Task to carry out:
Please copy, with no word changed, only the run of lines that opens with the line containing "Photo 10 of" and closes with the last line below.

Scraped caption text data
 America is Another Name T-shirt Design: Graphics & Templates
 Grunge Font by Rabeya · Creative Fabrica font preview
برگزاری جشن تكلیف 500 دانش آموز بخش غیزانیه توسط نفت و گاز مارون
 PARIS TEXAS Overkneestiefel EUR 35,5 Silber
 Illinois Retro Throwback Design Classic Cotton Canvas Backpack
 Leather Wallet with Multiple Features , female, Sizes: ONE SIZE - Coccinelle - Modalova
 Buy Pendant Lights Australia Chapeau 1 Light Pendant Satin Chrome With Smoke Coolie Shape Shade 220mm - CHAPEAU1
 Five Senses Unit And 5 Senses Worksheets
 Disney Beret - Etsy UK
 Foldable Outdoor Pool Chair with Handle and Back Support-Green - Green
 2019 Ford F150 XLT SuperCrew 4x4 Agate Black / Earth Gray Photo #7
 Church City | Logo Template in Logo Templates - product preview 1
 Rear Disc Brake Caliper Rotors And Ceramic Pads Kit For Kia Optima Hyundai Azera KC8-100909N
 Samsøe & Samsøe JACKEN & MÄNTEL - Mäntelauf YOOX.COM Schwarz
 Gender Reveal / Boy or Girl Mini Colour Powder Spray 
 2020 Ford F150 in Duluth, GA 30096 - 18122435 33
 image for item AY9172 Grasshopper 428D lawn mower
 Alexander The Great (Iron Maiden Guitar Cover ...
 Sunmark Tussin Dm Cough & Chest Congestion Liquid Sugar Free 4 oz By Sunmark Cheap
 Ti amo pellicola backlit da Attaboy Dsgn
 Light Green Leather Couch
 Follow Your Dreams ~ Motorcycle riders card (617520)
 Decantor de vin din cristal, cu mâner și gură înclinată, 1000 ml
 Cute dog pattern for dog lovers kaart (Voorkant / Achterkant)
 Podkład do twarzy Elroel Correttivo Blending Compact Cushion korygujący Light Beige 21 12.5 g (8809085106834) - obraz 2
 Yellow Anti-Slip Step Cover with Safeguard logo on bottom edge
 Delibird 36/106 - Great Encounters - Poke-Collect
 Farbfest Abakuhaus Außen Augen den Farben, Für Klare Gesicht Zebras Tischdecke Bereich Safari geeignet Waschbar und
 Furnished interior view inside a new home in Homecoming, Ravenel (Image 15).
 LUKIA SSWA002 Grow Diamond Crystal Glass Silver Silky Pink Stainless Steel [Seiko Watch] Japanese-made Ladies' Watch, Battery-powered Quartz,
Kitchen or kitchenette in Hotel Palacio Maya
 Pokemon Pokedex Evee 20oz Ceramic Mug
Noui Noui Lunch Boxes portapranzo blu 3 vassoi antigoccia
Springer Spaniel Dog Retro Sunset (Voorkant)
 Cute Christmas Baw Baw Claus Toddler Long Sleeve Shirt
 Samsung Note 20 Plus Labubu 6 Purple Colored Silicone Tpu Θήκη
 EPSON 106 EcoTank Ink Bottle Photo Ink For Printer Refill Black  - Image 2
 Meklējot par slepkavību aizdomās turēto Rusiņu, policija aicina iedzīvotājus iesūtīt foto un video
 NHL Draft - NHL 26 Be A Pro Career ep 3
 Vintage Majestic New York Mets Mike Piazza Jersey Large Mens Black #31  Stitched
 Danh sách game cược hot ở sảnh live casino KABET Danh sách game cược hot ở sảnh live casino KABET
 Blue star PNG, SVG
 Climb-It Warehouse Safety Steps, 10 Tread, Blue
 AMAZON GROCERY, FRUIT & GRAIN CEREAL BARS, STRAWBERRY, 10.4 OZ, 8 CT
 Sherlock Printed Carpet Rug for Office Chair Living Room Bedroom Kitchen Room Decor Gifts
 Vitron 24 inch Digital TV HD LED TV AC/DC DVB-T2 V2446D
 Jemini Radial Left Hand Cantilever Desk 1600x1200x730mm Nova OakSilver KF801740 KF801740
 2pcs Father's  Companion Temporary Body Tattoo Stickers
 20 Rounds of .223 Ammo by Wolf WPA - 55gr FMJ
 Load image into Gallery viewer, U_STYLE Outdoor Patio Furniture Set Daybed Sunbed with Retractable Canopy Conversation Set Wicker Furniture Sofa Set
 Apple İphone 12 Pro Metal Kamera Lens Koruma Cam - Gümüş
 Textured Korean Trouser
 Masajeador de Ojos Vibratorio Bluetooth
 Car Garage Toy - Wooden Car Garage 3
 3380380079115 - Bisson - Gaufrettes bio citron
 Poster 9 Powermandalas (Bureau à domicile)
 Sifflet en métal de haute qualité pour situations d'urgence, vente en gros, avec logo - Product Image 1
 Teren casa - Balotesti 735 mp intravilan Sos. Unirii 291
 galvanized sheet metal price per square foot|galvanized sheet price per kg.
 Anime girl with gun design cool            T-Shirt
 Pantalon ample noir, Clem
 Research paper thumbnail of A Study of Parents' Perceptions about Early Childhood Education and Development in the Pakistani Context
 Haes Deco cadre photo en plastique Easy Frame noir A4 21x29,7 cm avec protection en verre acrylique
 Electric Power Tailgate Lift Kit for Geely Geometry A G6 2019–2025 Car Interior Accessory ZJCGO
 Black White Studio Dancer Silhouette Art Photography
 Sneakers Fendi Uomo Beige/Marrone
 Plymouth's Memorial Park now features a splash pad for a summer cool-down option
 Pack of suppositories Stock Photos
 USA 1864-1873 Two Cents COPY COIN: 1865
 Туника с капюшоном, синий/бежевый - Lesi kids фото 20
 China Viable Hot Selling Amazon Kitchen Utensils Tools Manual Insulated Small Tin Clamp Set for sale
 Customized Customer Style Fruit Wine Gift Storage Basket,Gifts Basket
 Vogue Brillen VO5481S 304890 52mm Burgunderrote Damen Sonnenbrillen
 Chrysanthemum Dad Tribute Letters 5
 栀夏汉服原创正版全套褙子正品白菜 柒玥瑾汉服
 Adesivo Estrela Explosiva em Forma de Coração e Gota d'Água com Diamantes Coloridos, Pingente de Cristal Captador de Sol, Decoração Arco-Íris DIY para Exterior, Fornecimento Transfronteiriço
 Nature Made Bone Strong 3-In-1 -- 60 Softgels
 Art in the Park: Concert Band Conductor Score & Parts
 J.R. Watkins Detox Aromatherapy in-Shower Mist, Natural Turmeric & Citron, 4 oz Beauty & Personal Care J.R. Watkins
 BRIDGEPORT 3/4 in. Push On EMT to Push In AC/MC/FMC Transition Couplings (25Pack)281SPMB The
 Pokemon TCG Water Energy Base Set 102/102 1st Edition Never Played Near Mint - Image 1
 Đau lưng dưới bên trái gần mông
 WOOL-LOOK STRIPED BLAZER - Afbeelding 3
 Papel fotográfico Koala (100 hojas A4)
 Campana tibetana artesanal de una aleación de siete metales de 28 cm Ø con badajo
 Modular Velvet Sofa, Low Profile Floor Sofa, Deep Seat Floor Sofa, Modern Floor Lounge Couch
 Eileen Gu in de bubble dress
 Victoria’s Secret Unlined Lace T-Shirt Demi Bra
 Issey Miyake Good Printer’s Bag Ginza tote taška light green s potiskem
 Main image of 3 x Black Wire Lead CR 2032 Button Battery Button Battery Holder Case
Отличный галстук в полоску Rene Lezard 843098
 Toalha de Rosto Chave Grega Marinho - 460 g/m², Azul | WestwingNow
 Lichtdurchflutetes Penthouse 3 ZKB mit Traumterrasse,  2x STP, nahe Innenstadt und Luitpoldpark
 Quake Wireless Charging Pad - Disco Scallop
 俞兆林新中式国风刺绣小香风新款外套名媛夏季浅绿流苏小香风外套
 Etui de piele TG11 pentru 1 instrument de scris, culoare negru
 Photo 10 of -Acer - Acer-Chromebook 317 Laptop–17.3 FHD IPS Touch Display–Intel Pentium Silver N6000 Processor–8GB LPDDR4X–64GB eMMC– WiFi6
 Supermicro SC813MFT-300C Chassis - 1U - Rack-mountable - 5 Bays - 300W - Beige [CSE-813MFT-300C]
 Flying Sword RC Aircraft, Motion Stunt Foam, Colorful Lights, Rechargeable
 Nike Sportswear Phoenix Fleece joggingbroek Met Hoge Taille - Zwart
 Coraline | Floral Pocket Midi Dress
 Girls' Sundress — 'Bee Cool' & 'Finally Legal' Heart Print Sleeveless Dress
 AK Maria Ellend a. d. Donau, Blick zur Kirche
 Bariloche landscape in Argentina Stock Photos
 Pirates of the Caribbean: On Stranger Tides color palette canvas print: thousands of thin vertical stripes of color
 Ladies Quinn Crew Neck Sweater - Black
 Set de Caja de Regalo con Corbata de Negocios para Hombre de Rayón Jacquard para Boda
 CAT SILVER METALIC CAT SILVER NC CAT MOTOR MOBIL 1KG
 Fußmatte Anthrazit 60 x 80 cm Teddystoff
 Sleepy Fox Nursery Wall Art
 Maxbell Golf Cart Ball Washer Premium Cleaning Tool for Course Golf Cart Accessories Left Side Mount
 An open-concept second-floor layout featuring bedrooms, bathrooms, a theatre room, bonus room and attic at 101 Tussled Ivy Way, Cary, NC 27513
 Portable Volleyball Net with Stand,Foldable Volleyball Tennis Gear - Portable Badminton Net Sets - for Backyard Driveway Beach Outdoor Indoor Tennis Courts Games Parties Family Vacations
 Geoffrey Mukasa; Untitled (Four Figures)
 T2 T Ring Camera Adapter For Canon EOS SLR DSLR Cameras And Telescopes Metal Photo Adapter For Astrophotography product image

Answer area:
 Photo 10 of -Acer - Acer-Chromebook 317 Laptop–17.3 FHD IPS Touch Display–Intel Pentium Silver N6000 Processor–8GB LPDDR4X–64GB eMMC– WiFi6
 Supermicro SC813MFT-300C Chassis - 1U - Rack-mountable - 5 Bays - 300W - Beige [CSE-813MFT-300C]
 Flying Sword RC Aircraft, Motion Stunt Foam, Colorful Lights, Rechargeable
 Nike Sportswear Phoenix Fleece joggingbroek Met Hoge Taille - Zwart
 Coraline | Floral Pocket Midi Dress
 Girls' Sundress — 'Bee Cool' & 'Finally Legal' Heart Print Sleeveless Dress
 AK Maria Ellend a. d. Donau, Blick zur Kirche
 Bariloche landscape in Argentina Stock Photos
 Pirates of the Caribbean: On Stranger Tides color palette canvas print: thousands of thin vertical stripes of color
 Ladies Quinn Crew Neck Sweater - Black
 Set de Caja de Regalo con Corbata de Negocios para Hombre de Rayón Jacquard para Boda
 CAT SILVER METALIC CAT SILVER NC CAT MOTOR MOBIL 1KG
 Fußmatte Anthrazit 60 x 80 cm Teddystoff
 Sleepy Fox Nursery Wall Art
 Maxbell Golf Cart Ball Washer Premium Cleaning Tool for Course Golf Cart Accessories Left Side Mount
 An open-concept second-floor layout featuring bedrooms, bathrooms, a theatre room, bonus room and attic at 101 Tussled Ivy Way, Cary, NC 27513
 Portable Volleyball Net with Stand,Foldable Volleyball Tennis Gear - Portable Badminton Net Sets - for Backyard Driveway Beach Outdoor Indoor Tennis Courts Games Parties Family Vacations
 Geoffrey Mukasa; Untitled (Four Figures)
 T2 T Ring Camera Adapter For Canon EOS SLR DSLR Cameras And Telescopes Metal Photo Adapter For Astrophotography product image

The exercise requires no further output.